» Exercise aim:
Your task is to print every entry below exactly as given.

::::

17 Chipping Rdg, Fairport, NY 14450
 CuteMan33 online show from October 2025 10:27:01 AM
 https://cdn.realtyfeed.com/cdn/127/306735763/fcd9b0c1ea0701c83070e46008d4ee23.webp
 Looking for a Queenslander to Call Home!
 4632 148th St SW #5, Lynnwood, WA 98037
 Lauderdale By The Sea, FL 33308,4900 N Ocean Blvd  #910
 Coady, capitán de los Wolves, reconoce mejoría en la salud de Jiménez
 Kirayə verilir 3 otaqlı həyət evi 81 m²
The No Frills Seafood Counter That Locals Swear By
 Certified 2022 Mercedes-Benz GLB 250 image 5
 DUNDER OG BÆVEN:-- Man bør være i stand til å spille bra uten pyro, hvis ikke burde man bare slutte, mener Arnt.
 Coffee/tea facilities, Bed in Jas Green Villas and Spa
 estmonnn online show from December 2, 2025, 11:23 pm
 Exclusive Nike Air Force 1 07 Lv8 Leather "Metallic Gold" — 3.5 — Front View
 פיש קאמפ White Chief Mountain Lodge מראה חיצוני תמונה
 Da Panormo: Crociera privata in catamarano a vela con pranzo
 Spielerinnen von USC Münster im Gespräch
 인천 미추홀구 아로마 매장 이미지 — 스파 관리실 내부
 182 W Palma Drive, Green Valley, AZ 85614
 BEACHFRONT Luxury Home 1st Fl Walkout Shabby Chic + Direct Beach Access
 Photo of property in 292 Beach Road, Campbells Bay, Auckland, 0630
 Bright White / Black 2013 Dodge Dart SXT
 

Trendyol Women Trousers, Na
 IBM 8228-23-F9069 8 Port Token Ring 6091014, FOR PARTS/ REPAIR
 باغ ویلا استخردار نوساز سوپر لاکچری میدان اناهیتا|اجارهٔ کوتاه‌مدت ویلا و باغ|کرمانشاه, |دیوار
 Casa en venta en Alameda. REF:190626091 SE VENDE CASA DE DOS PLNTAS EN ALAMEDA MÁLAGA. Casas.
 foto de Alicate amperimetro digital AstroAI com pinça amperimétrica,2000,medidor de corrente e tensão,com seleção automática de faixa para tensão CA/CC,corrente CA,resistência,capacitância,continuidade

::::

» Finished exercise:
17 Chipping Rdg, Fairport, NY 14450
 CuteMan33 online show from October 2025 10:27:01 AM
 https://cdn.realtyfeed.com/cdn/127/306735763/fcd9b0c1ea0701c83070e46008d4ee23.webp
 Looking for a Queenslander to Call Home!
 4632 148th St SW #5, Lynnwood, WA 98037
 Lauderdale By The Sea, FL 33308,4900 N Ocean Blvd  #910
 Coady, capitán de los Wolves, reconoce mejoría en la salud de Jiménez
 Kirayə verilir 3 otaqlı həyət evi 81 m²
The No Frills Seafood Counter That Locals Swear By
 Certified 2022 Mercedes-Benz GLB 250 image 5
 DUNDER OG BÆVEN:-- Man bør være i stand til å spille bra uten pyro, hvis ikke burde man bare slutte, mener Arnt.
 Coffee/tea facilities, Bed in Jas Green Villas and Spa
 estmonnn online show from December 2, 2025, 11:23 pm
 Exclusive Nike Air Force 1 07 Lv8 Leather "Metallic Gold" — 3.5 — Front View
 פיש קאמפ White Chief Mountain Lodge מראה חיצוני תמונה
 Da Panormo: Crociera privata in catamarano a vela con pranzo
 Spielerinnen von USC Münster im Gespräch
 인천 미추홀구 아로마 매장 이미지 — 스파 관리실 내부
 182 W Palma Drive, Green Valley, AZ 85614
 BEACHFRONT Luxury Home 1st Fl Walkout Shabby Chic + Direct Beach Access
 Photo of property in 292 Beach Road, Campbells Bay, Auckland, 0630
 Bright White / Black 2013 Dodge Dart SXT
 

Trendyol Women Trousers, Na
 IBM 8228-23-F9069 8 Port Token Ring 6091014, FOR PARTS/ REPAIR
 باغ ویلا استخردار نوساز سوپر لاکچری میدان اناهیتا|اجارهٔ کوتاه‌مدت ویلا و باغ|کرمانشاه, |دیوار
 Casa en venta en Alameda. REF:190626091 SE VENDE CASA DE DOS PLNTAS EN ALAMEDA MÁLAGA. Casas.
 foto de Alicate amperimetro digital AstroAI com pinça amperimétrica,2000,medidor de corrente e tensão,com seleção automática de faixa para tensão CA/CC,corrente CA,resistência,capacitância,continuidade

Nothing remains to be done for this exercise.